I was dead tired after a full day of hiking, and when I saw the baby being swayed gently in this soft tunnel of cloth, I wished I could climb in there too. Then the women of the house began singing lullabies. I took out my little video camera and persuaded them to sing for it.
I couldn't see a thing, and I was trying to figure out how the camera worked, so the video is kind of jumpy and random. But I like the cute kid who keeps trying to get into the picture. And most of all I love the woman's voice; it's got a toughness and grit that remind me of 1930s folk recordings by grannies in coal-mining towns in Appalachia.
The woman singing is not the one in the video, by the way; it's the older woman, who was sitting to her left.

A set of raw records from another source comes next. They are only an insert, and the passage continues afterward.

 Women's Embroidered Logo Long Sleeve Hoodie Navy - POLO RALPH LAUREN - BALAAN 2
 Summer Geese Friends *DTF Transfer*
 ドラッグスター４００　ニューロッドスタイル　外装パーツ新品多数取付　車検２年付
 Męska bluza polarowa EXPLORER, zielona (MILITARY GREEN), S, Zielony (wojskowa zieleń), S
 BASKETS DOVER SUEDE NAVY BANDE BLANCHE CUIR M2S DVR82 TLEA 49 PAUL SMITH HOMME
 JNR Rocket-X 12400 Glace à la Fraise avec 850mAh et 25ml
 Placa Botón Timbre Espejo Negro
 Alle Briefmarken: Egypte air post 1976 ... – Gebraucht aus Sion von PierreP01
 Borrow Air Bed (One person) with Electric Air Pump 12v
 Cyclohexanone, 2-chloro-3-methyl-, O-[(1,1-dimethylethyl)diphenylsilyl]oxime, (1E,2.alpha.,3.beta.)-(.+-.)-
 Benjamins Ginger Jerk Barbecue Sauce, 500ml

I kept encouraging them both to sing more, but at the end you can hear her say "Cukup! (choo-koop): "Enough!"
Here's how they looked in daylight, as we were saying goodbye the next day:
4 comments:
Hello Trish,
I love the lullaby and the image of the single bit of furniture.
I live in New Hampshire and heard you on the radio when you came home to visit.
I'm writing a story for the children's mag FACES about fishing boys of Sumatra who work offshore on jermals. Have you seen a jermal?
Can you tell me something about child fishermen or child labor in general in Indonesia?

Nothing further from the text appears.